Owing money to the Internal Revenue Service is not something many Florida taxpayers wish to experience. Federal law affords options to people who owe taxes, including extensions and payment plans. However, some taxpayers may be entirely unable to pay the amount they owe. For those individuals, reaching a tax debt settlement may be worth pursuing.
Tax debt settlements
An offer in compromise (OIC) is the official name for a tax debt settlement proposal. Someone who owes a significant amount of tax could offer to settle a portion of the debt in one lump sum or a few small payments within an established timeframe. The IRS would forgive the remaining debt, realizing the person is in no position to pay.
An OIC is not meant to provide a convenient solution to someone strained over tax debts.
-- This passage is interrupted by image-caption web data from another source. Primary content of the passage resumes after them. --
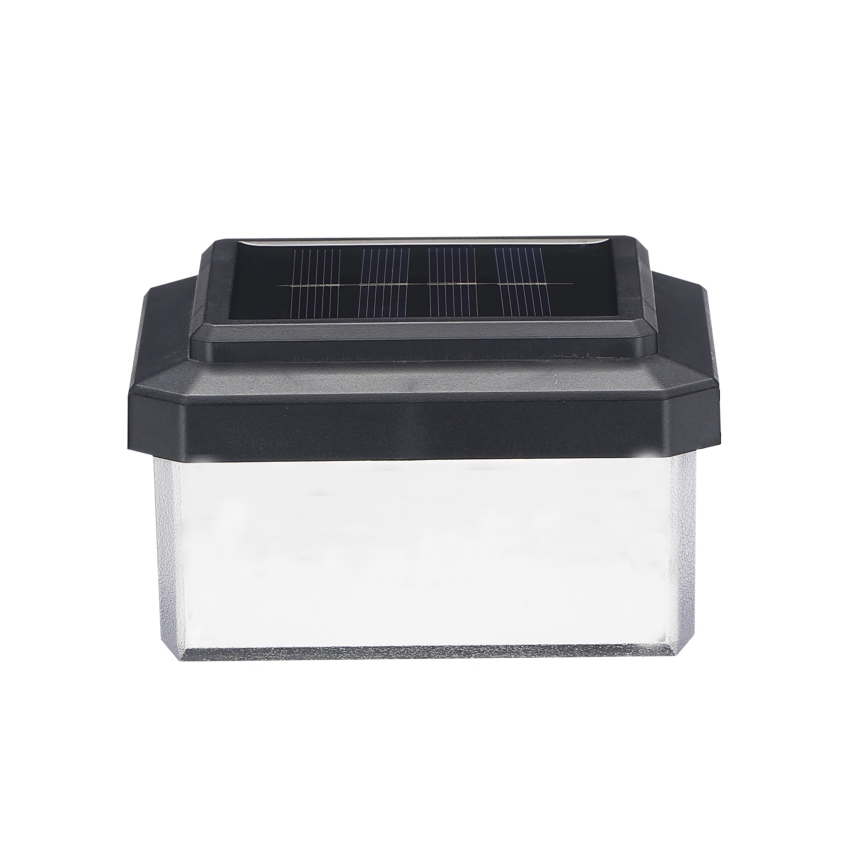 LED Solar Light ELVO LED/4.5W/1.2V 300 mAh IP44 Black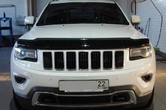 Дефлектор капота SIM для Jeep Grand Cherokee (2010-2020) 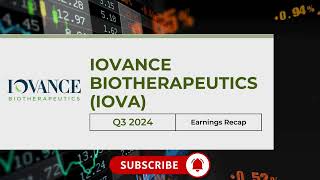 Iovance Biotherapeutics IOVA Q3 2024 Earnings Amtagvi Driving Record Revenue and Reducing Losses [upl. by Werdna122]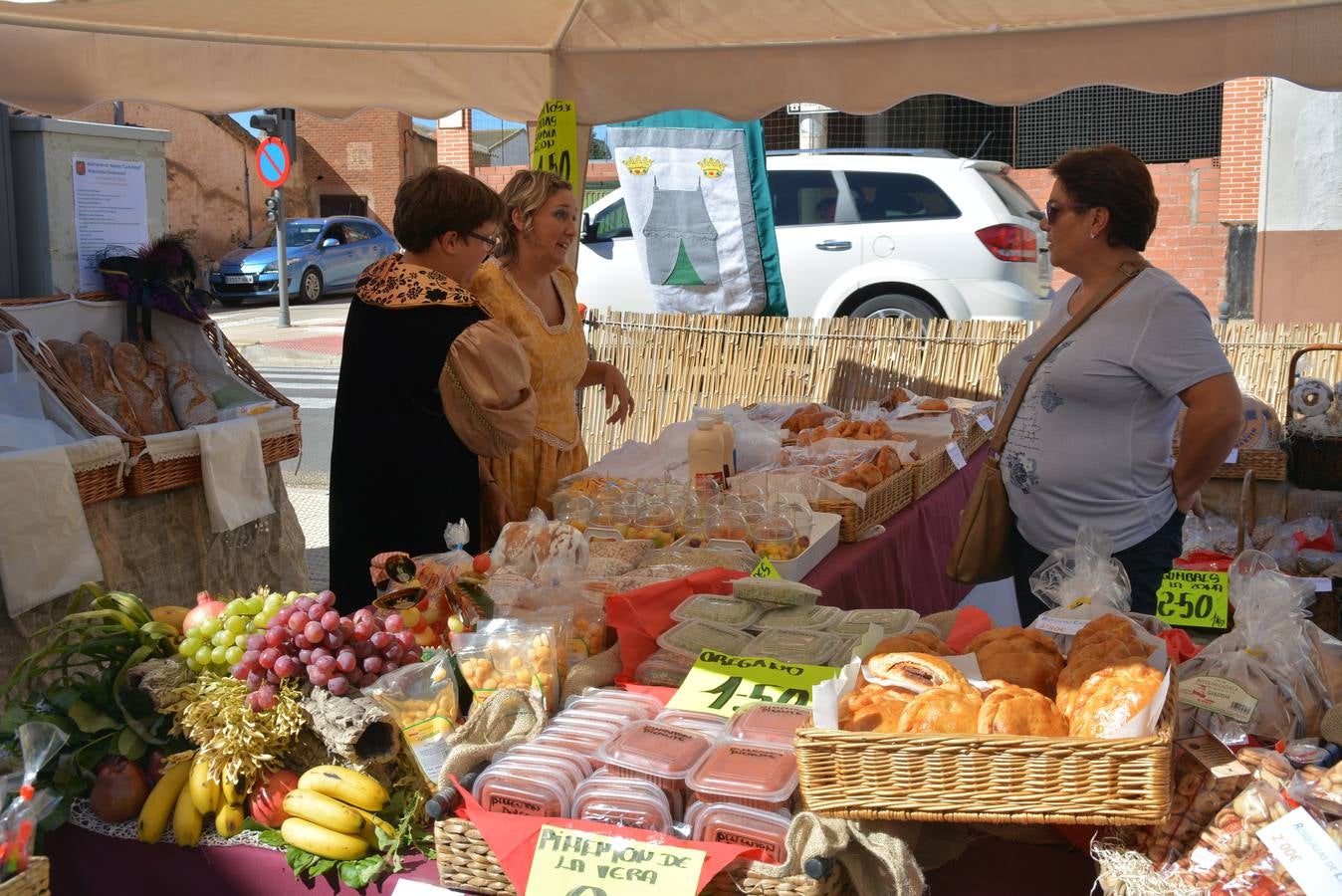 Aldeatejada se viste de gala para las Vísperas Nupciales de Felipe II y Manuela de Portugal (1/3)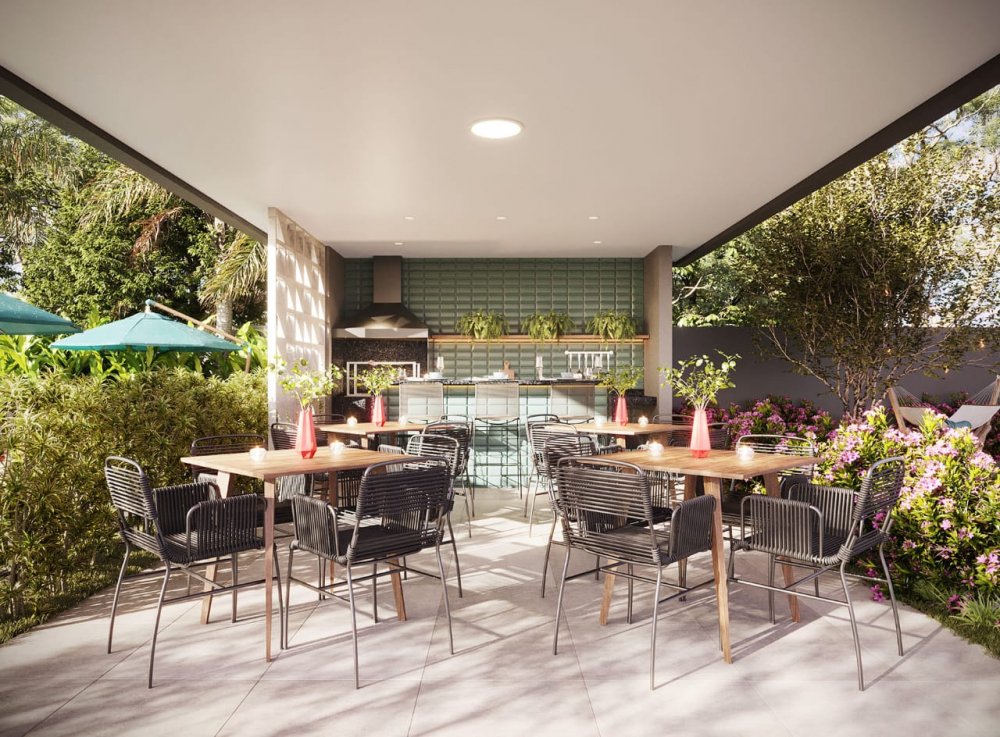 ESPA�O GOURMET C/CHURRASQUEIRA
Rather, an OIC works to help those unable to pay their obligation due to financial troubles. In other words, someone who could pay their tax debt with a routine installment agreement would not likely qualify.
Those who do qualify would complete and submit the required OIC form. The IRS will require information about household members, income, assets, and expenses. The processing time could take several months, even when the taxpayer qualifies.
Qualifying and filing
Before entering into any OIC debt negotiation steps with the IRS, the taxpayer must determine if they qualify. Statutory rules exist that establish baseline requirements, including filing all past tax returns and making all necessary estimated tax payments. Anyone involved in current bankruptcy proceedings would not qualify, and self-employed persons with employees must make all federal tax deposits.
Anyone who submits an offer in compromise should complete the form accurately and thoroughly. Errors or omissions could cause unnecessary problems and undermine a chance of settling the debt.